The main campus of Energy Management Centre, Kerala is a global star in the campaign for energy efficiency

After riding for half an hour in the blazing sun, entering the new building of Energy Management Centre, Kerala(EMC), near Chavadimukku, is, literally, a cool experience. The 43,000 square foot office building inside Sree Krishna Nagar was one of the six in the world and the only project listed from India in UN’s ‘Global Status Report 2017: Towards a zero-emission, efficient, and resilient buildings and construction sector’ released in May 2017.

For a long time EMC, an autonomous institution under the Government of Kerala, was operating out of a rented building near Thycaud. “It was in 2006, when I got to visit the Confederation of Indian Industry – Sohrabji Godrej Green Businesss Centre, that I set my mind on building something similar for EMC in Thiruvananthapuram. Although a plan was on paper by 2011, it took another five years for getting the required funds, administrative sanction and construction,” says K.M. Dhareshan Unnithan, director of EMC-Kerala. The building was inaugurated in 22 February, 2016.

Built on a hillside, the building is designed to be in tune with the terrain to avoid landscaping and tampering with the natural slope of the land.
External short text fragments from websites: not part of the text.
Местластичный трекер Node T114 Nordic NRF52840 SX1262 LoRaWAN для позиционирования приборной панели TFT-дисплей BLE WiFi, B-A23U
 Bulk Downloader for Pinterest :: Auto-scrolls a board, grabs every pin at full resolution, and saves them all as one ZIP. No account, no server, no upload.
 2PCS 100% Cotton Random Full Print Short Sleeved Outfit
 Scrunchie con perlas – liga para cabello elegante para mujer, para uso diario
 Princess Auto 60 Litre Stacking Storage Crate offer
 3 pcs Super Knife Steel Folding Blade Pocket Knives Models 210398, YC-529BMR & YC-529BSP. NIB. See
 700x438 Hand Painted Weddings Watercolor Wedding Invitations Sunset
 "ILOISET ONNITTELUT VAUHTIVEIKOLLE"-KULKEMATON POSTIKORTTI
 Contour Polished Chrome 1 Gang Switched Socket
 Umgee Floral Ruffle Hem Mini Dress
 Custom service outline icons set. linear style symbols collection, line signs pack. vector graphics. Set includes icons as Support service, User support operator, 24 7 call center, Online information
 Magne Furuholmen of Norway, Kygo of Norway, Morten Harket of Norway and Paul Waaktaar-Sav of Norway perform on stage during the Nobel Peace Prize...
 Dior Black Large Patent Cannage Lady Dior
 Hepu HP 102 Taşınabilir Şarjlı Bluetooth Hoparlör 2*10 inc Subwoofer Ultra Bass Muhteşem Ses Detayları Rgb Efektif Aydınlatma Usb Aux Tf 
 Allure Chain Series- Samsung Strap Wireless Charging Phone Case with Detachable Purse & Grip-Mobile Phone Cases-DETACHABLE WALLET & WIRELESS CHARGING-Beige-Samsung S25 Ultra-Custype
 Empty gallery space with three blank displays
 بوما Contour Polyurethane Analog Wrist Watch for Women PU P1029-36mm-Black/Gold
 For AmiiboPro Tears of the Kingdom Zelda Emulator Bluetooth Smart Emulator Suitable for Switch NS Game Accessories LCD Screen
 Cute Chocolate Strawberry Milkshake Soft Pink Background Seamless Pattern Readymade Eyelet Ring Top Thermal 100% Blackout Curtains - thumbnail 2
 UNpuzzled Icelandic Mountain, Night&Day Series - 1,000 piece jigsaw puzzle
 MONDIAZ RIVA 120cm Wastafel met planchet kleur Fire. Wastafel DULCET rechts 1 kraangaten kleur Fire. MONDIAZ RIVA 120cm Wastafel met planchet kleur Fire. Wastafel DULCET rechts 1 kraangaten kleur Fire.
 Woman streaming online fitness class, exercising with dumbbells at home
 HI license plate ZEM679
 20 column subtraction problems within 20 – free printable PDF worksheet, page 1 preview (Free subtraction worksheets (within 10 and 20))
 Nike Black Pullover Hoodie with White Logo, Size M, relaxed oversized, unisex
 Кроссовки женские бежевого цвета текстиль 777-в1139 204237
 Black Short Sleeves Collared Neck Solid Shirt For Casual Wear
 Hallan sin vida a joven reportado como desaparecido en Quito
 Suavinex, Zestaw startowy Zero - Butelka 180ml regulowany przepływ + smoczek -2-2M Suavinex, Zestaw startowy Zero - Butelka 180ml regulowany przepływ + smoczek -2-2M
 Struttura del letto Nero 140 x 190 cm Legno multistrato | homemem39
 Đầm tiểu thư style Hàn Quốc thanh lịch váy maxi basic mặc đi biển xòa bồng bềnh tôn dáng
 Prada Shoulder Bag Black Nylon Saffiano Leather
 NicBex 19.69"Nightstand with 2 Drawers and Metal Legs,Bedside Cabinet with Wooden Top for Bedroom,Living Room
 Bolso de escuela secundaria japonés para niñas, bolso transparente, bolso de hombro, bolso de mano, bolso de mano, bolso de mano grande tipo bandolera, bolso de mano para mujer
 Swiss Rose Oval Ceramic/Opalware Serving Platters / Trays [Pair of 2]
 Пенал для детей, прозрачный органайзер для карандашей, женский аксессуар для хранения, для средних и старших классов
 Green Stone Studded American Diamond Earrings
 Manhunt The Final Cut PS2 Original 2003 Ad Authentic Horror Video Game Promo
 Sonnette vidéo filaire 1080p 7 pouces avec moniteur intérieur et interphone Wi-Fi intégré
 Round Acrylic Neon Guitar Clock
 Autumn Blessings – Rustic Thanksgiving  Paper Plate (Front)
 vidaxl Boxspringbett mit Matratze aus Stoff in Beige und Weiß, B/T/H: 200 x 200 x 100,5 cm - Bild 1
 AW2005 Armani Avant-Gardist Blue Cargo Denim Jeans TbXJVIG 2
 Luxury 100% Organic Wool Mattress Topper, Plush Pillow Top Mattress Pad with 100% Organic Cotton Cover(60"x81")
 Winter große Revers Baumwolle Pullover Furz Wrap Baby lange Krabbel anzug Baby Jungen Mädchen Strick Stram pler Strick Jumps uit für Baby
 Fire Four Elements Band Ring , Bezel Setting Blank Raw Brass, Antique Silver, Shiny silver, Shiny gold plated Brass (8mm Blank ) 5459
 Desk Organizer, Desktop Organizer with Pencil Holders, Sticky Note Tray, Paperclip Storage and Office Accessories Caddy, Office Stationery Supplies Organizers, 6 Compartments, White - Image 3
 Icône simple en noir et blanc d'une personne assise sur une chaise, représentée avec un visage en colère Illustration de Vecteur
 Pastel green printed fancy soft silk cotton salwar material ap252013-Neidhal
Offices, auditoriums and laboratories are all set around a central green courtyard, which slants from one end to the other. “This helps in draining of rain water from the top to the other end where they are diverted to two ponds that we have in this compound,” says Dinesh Kumar A.N., an energy technologist working at EMC, while showing me around the office.

Also, the building is oriented in such a way as to get maximum sunlight on the roof, where the solar panels are located, while the spaces inside it are designed for maximum availability of natural light. On a bright day, most of the spaces inside the building is lit completely by natural light, while artificial lights inside the building are all LED lamps and that is another way of saving energy. “At the same time most of the windows face north and south directions, which means they never face direct sunlight and that brings down the heat entering the buildings in a huge manner. It has contributed a lot to the energy efficiency of the building as we didn’t have to spend a lot on cooling,” Dhareshan adds. The cross ventilation and turbo vents too help in avoiding things from getting heated up inside the EMC office while solar reflectance index coating and high-albedo painting aids in insulation.

The entire campus is powered by 30 kilowatt grid-connected solar capacity. “We are only using a portion of what we are producing and the rest is being diverted to the grid and that makes us an energy positive structure,” says Dhareshan. All this has made the EMC building four times more energy-efficient than the highly energy efficient five-star rated buildings.

Green buildings, EMC scientists say, are the way to future. Although it might cost the common man a bit more than constructing a regular house, going for the green option would mean saving money in a big manner in future. Dhareshan adds, “There are already powerful wall-mounted batteries in the market that can be charged using solar panels. They don’t come cheap, but anything extra you spend on setting such a system would be retrieved within a time period while saving you a lot of money which would otherwise be used for paying energy bills.”